BRIAN JACOBSEN: Yeah, that is something that you know it's been part of the broader narrative as far as the market rally that we continued to see run, really over I would say the last-- since they started negotiating, people have been weighing the odds of whether or not stimulus would get passed. And so to a certain extent it was always somewhat priced in. You'd see Treasury yields rise when it looked more likely and then Treasury yields fall when it looked less likely. And now that looks like they're going to actually sign this into law, we have to see if that actually gets voted on and put into law but to an extent it might already sort of be baked in the cake. And that is one of the problems with markets being forward looking and with investors, if you want to try to react to some of these big headlines, that can be tough to do because sometimes it's a giant nothing burger for the market because it was already priced in.
KRISTIN MYERS: What about when folks start to receive their checks?

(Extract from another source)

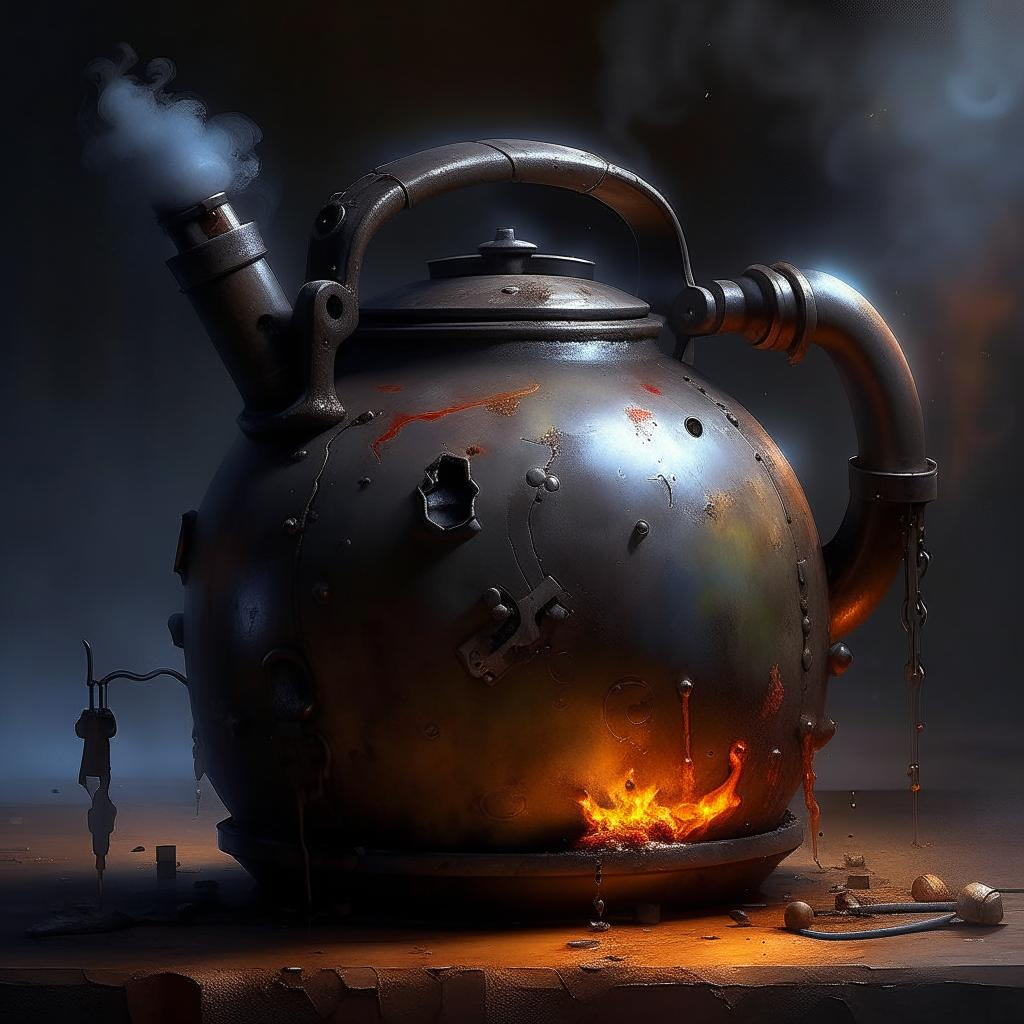 сгоревший чайник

It's only $600 compared to the 1,200 from last time, at least that was the cap, I'm wondering if you see a chance of a pop there kind of similarly to what we saw the last time around when folks really started to have some money in their hands?
BRIAN JACOBSEN: Yeah, I think that last time was a little bit different as far as the context, if you think about the timing of it, and also I think a lot of people were somewhat surprised by not just how much of it people were spending but also trying to see the broader reopening of the economy, because it was starting to reopen at that point already.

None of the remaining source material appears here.